Top of INPUT FOR THIS TASK

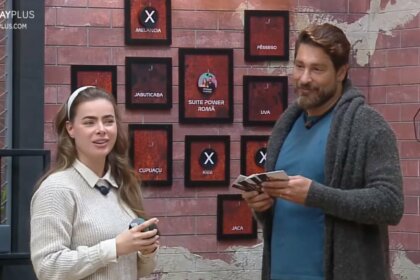 Rayanne e Victor em frente ao quadro da divisão de quartos no Power Couple Brasil 7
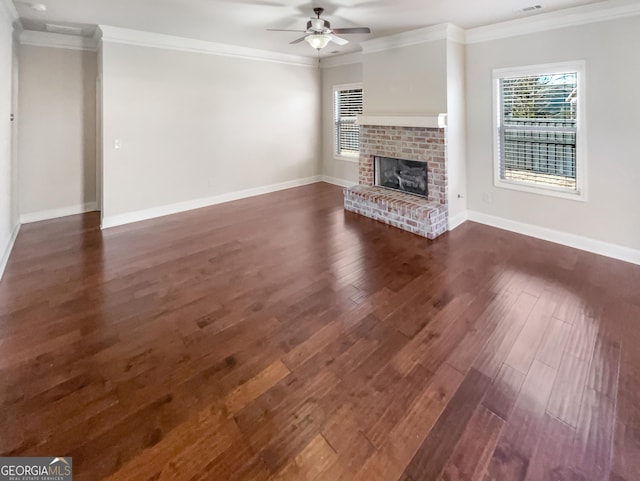 unfurnished living room featuring a wealth of natural light, crown molding, and a brick fireplace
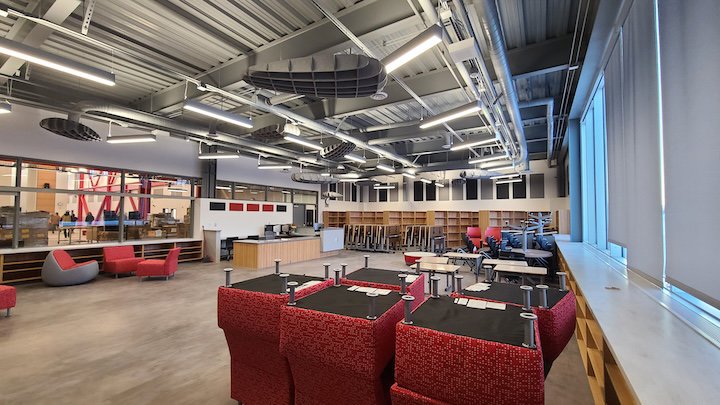 Modern commercial lighting installed in a spacious room, showcasing completed electrical work by Premier Electric LLC in Palmer, AK.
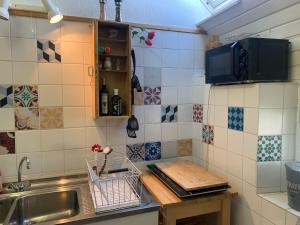 a kitchen with a sink and some tiles on the wall at Vintage Apartment Hase 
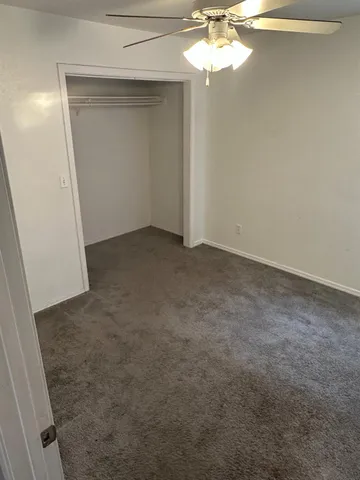 an empty room with a chandelier fan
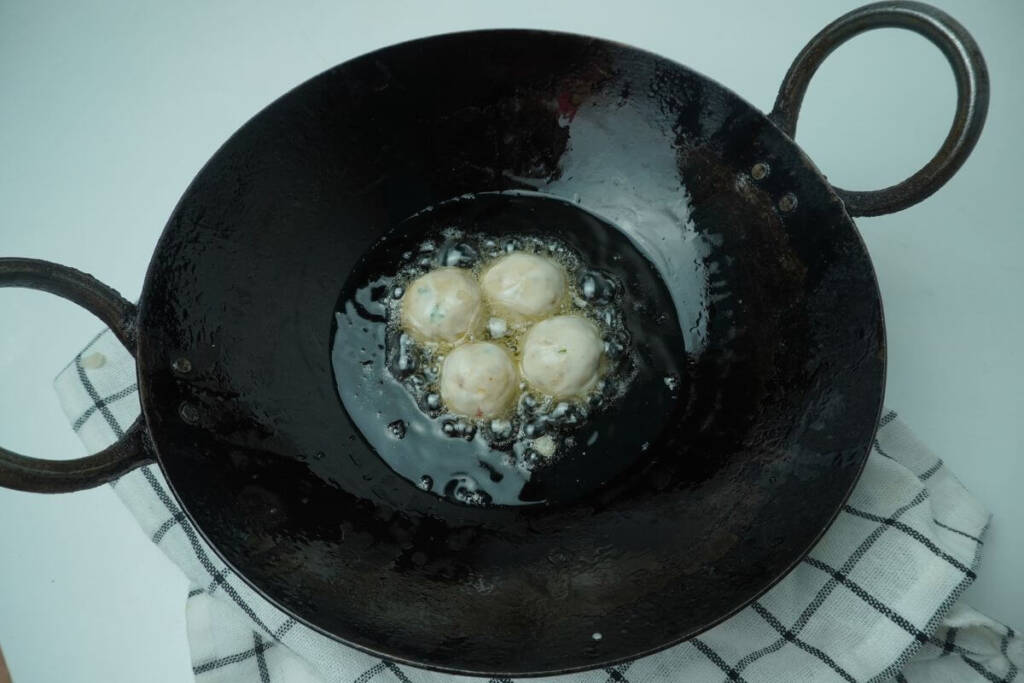 fried banana balls add balls to oil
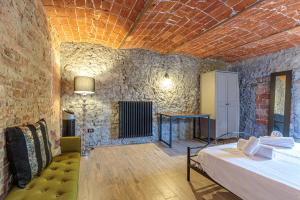 a bedroom with a bed and a stone wall at Cascina Liebe con Idromassaggio in Ozzano Monferrato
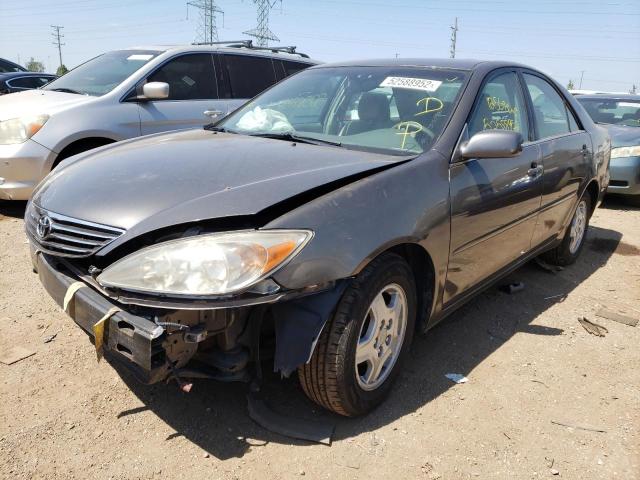 Photo 2 from auction – 2003 TOYOTA CAMRY LE with VIN 4T1BF30K83U565809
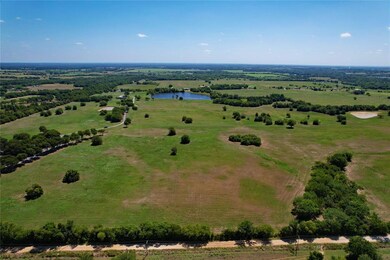 Bird's eye view featuring a water view and a rural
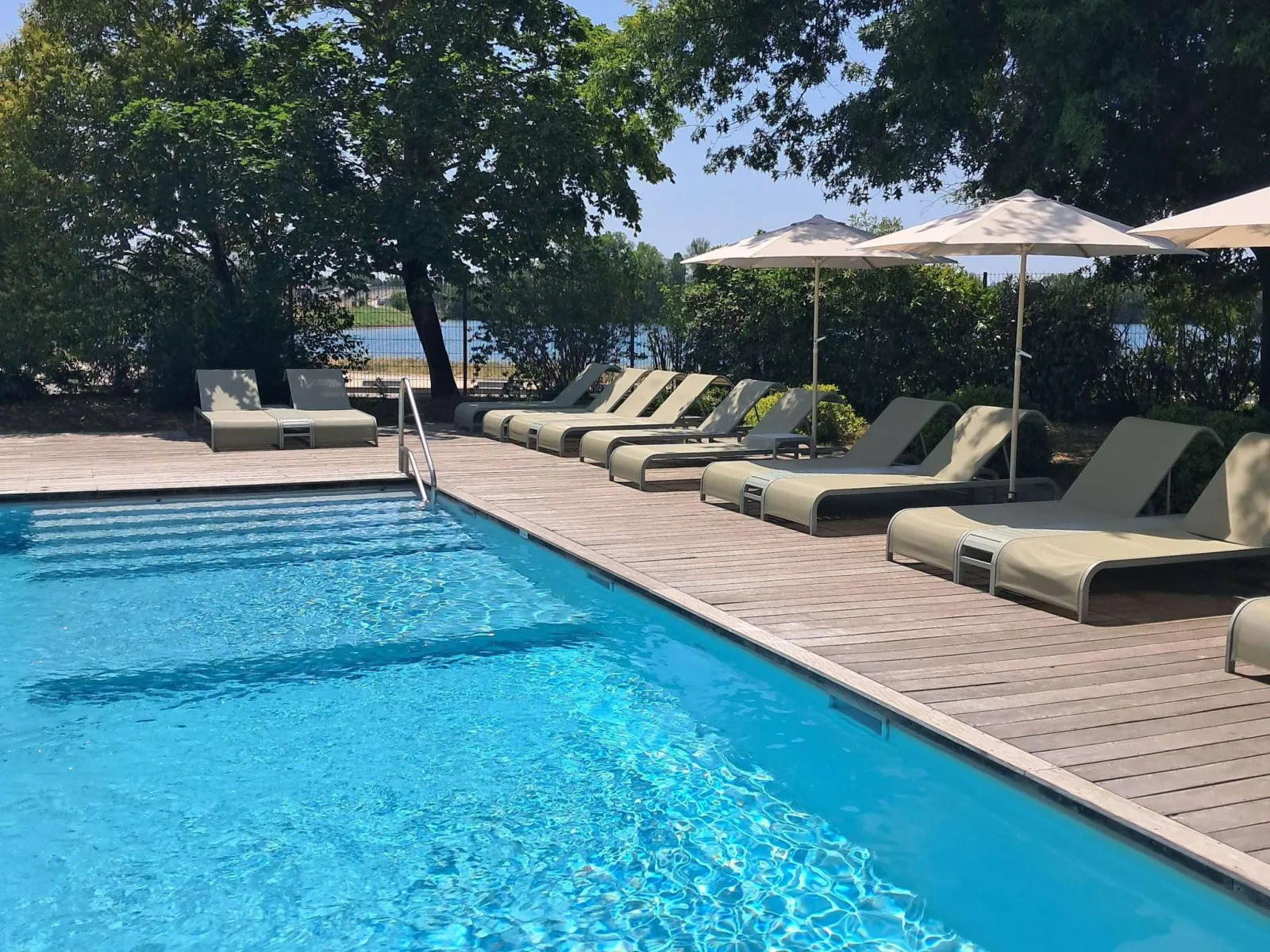 Outdoor swimming pool at Novotel Bordeaux Lac featuring turquoise water, wooden deck, beige loungers with umbrellas, and lake view surrounded by trees.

Bottom of INPUT FOR THIS TASK

### YOUR TASK
The lines from the one holding "Bird's eye view" through the end of the entries are to be transcribed exactly, both ends included, with the pictures left out.

### ANSWER SECTION
 Bird's eye view featuring a water view and a rural
 Outdoor swimming pool at Novotel Bordeaux Lac featuring turquoise water, wooden deck, beige loungers with umbrellas, and lake view surrounded by trees.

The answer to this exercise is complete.